What you return must match the listing exactly, with every image removed.

◆ **Exercise data**
◇ ◇ ◇ ◇

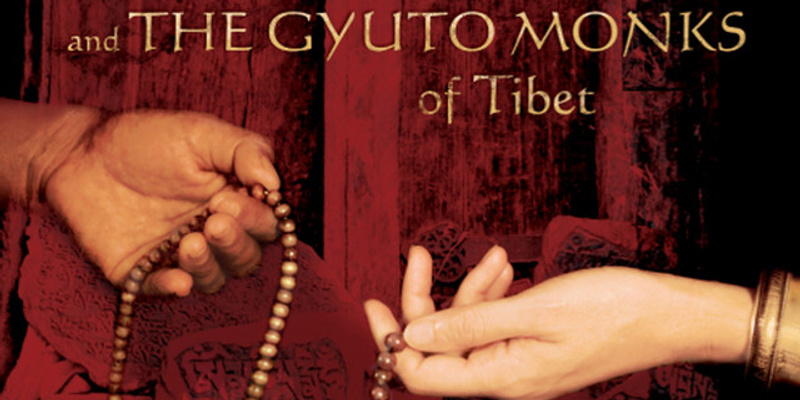 The Gyuto Monks Of Tibet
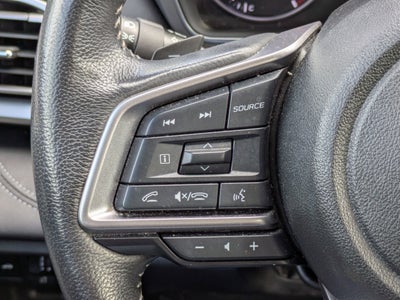 2023 Subaru Legacy Limited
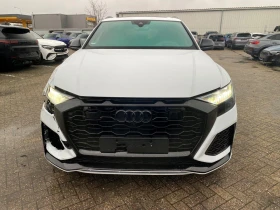     Audi RSQ8 4.0 TFSI quattro ,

◇ ◇ ◇ ◇

◆ **Task result**
 The Gyuto Monks Of Tibet
 2023 Subaru Legacy Limited
     Audi RSQ8 4.0 TFSI quattro ,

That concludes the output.